## Activity
Please write out exactly the lines of the data below from the line holding "Irish Setter Glas Ornament (Achterkant)" through the line holding "Pulsera Iridessa Pinkthorn | Oro Blanco", and leave out the rest.

## Supplied entries
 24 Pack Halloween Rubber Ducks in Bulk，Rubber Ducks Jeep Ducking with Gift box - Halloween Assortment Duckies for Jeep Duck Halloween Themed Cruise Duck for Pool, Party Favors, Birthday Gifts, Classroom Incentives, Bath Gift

* * *

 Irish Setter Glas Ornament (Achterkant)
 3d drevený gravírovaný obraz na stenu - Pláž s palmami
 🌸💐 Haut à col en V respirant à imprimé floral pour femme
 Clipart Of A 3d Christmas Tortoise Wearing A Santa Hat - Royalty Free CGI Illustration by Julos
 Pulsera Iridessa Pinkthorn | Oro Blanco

* * *

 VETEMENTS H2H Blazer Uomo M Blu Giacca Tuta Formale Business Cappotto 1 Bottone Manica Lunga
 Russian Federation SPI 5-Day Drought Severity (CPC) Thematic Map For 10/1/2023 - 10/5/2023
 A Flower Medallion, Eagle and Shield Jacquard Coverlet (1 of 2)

## Exercise solution
 Irish Setter Glas Ornament (Achterkant)
 3d drevený gravírovaný obraz na stenu - Pláž s palmami
 🌸💐 Haut à col en V respirant à imprimé floral pour femme
 Clipart Of A 3d Christmas Tortoise Wearing A Santa Hat - Royalty Free CGI Illustration by Julos
 Pulsera Iridessa Pinkthorn | Oro Blanco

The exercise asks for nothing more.